August 23, 2025

Filing Corporate Tax Returns in the UAE: Mandatory for All Businesses – Even with Losses or No Revenue

As the UAE transitions into a new era of tax compliance under the Corporate Tax (CT) regime, it’s critical for businesses to understand their legal obligations—regardless of their profitability. One of the most important aspects of this new framework is that every taxable person is required to file a Corporate Tax return, even if the business has incurred a loss or has generated no revenue during the financial year.

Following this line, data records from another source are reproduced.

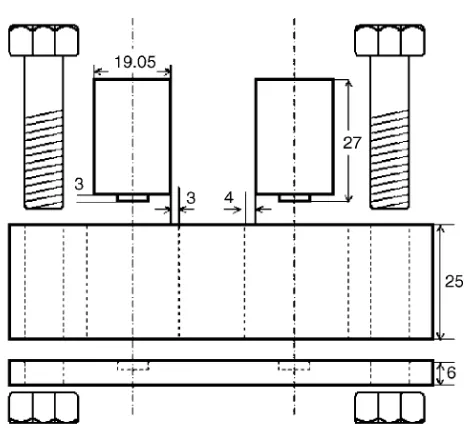 Figura 3.1 Representación esquemática del molde de acrílico y las probetas de acero AISI 1045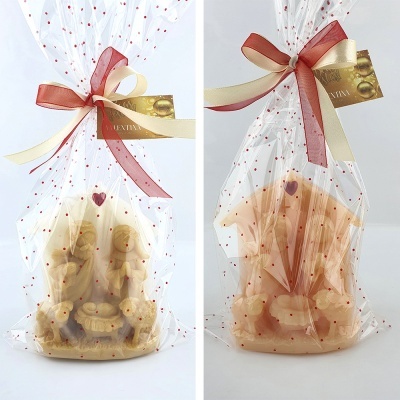 Figuras religiosas de barro embaladas em plástico com laço e etiqueta dourada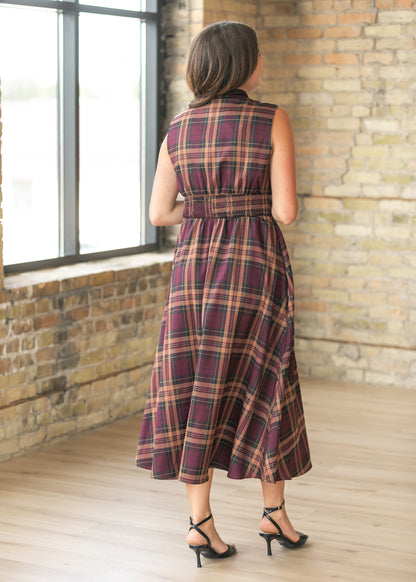 Back of plaid maxi dress showing the smocked waist and flowing full-length skirt.
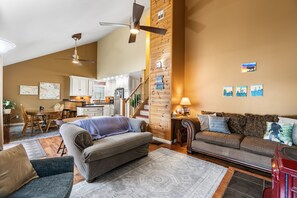 A spacious living area with a sofa, a dining table, and a kitchen in the background. - Lakefront on Lake Wequas | Private Beach, Dock + Kayaks (Gaylord)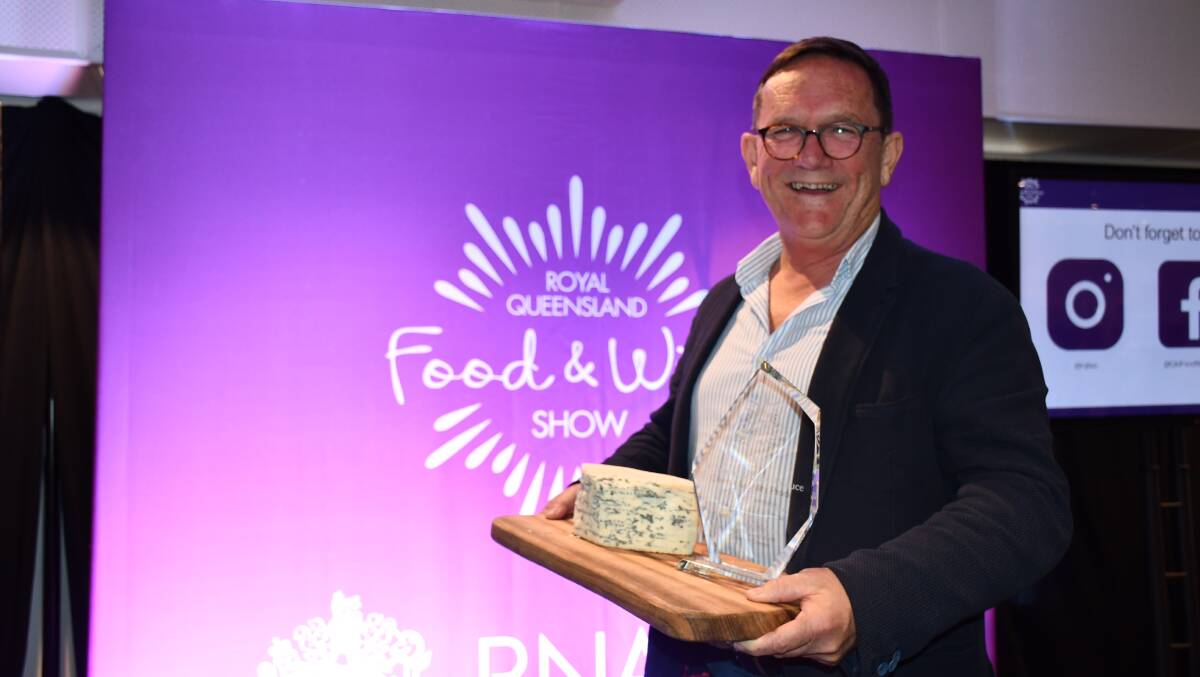 Peter Cross from Manassen Foods accepting the Grand Champion Dairy award on behalf of Berrys Creek Gourmet Cheese. 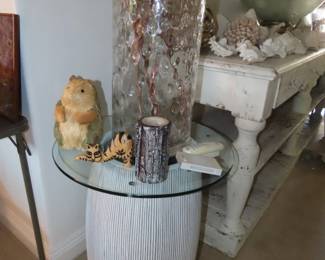 large planter container with glass top and large glass container with fake stems.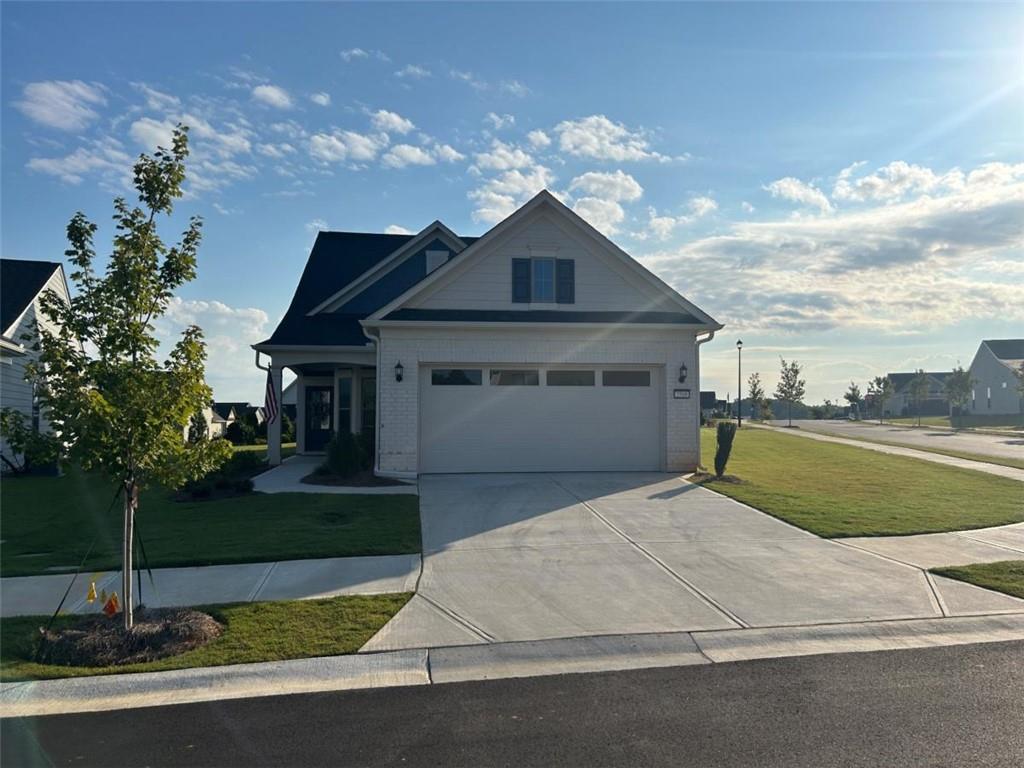 Stunning 3BR / 3BA in Del Webb Chateau Elan – 55+ Resort-Style Living. Why wait for new construction when you can move right into this like-new, highly upgraded home in the sought-after Del Webb Chateau Elan community? Perfectly positioned on a corner lot, this 3-bedroom, 3-bath beauty combines modern elegance with thoughtful design, offering both comfort and convenience. Step inside to find an inviting open layout filled with natural light, designer finishes, and custom touches throughout. The chef’s kitchen shines with upgraded cabinetry, farmhouse sink, and premium Whirlpool appliances—perfect for entertaining or everyday living. The spacious owner’s suite is a retreat of its own, featuring a coffered ceiling, accent wall, and spa-like bath with upgraded mirrors, tile shower, and added natural light. Upstairs, guests will enjoy a private suite with bedroom, full bath, and living space. Throughout the home you’ll find luxury vinyl plank flooring, upgraded lighting, and five ceiling fans for year-round comfort.
The outdoor living space is a true highlight. Relax on the screened back porch complete with ceiling fan, heater, and TV mount, or step out onto the extended concrete pad—ideal for grilling and gatherings. The garage is a dream, with an epoxy-sealed floor, extension for extra space, and walk-up lighted overhead storage. All of this comes with the unmatched amenities of Del Webb Chateau Elan—resort-style clubhouse, pools, fitness center, tennis, pickleball, and endless opportunities to connect with neighbors in this vibrant 55+ community. This is the rare chance to have it all—new construction feel, custom upgrades, and immediate move-in. Welcome home!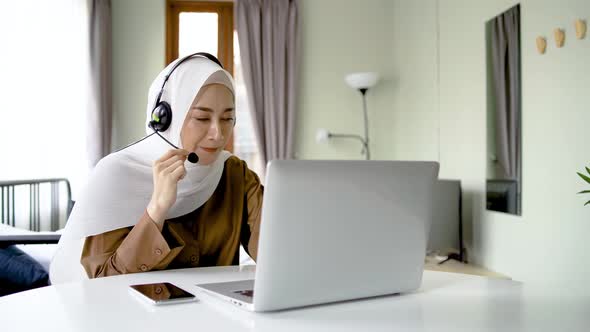 Portrait of muslim operator business woman working with headset and laptop computer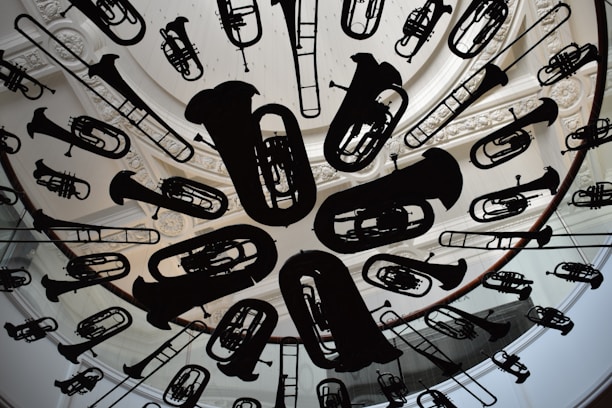 A circular ceiling installation features a variety of musical instrument silhouettes, including tubas, trumpets, and trombones. The instruments are suspended uniformly, creating an artistic and dynamic visual effect. The background includes ornate architectural details, such as carved molding and skylight structures.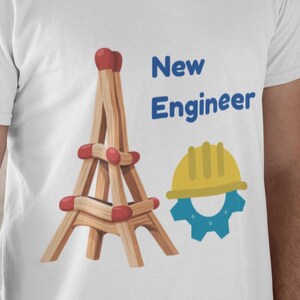 Puede incluir: Camiseta blanca con un gráfico de una torre de cerillas, un casco amarillo y un engranaje azul, con las palabras "New Engineer" en azul. La persona de la imagen lleva un casco blanco.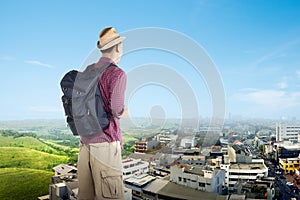 Asian man with a backpack looking at green landscapes and a city with a blue sky background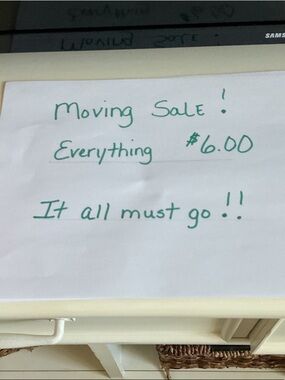 Handwritten Moving Sale Sign in Green Ink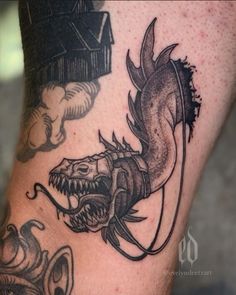 a close up of a person's leg with tattoos on it and a dragon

Mandatory Filing – No Exceptions Based on Profitability
The UAE Corporate Tax Law (Federal Decree-Law No. 47 of 2022) clearly stipulates that all Taxable Persons must file a Corporate Tax return annually within nine months from the end of their relevant financial period.
This obligation applies to all types of business entities, including:
Companies that made a loss during the period.
Businesses that earned no revenue.
Free Zone entities (including Qualifying Free Zone Persons).
Dormant companies holding assets or licenses.
There is no exemption from filing simply because the business is not making a profit or hasn’t started operations.
why Filing Is Still Required in Loss or Zero-Revenue Scenarios
To establish continuity and compliance: Filing ensures your business remains compliant and avoids being flagged by the Federal Tax Authority (FTA) for non-compliance.
To carry forward tax losses: If you’ve incurred a loss, filing the return enables you to carry forward those losses to offset future taxable profits, reducing future tax liability.
To meet legal obligations: Non-filing can lead to administrative penalties, regardless of your income level.
To maintain license renewals and bank relationships: Several licensing authorities and financial institutions may require proof of tax filing for renewals and due diligence processes.
Risk of Non-Compliance
Failing to file a CT return within the deadline could lead to penalties starting from AED 500, increasing with delay. Moreover, consistent non-compliance may affect your business credibility and raise red flags with the FTA.
Example Timeline:
For a company with a financial year ending 31 December 2024, the Corporate Tax return must be submitted on or before 30 September 2025—irrespective of the profit/loss status.
What Should You File?
Even if you had no operations or income, you are expected to:
File a CT return disclosing your financials (even if zero),
Maintain proper financial records, and
Submit any other declarations required (e.g., for exempt entities or Qualifying Free Zone Persons).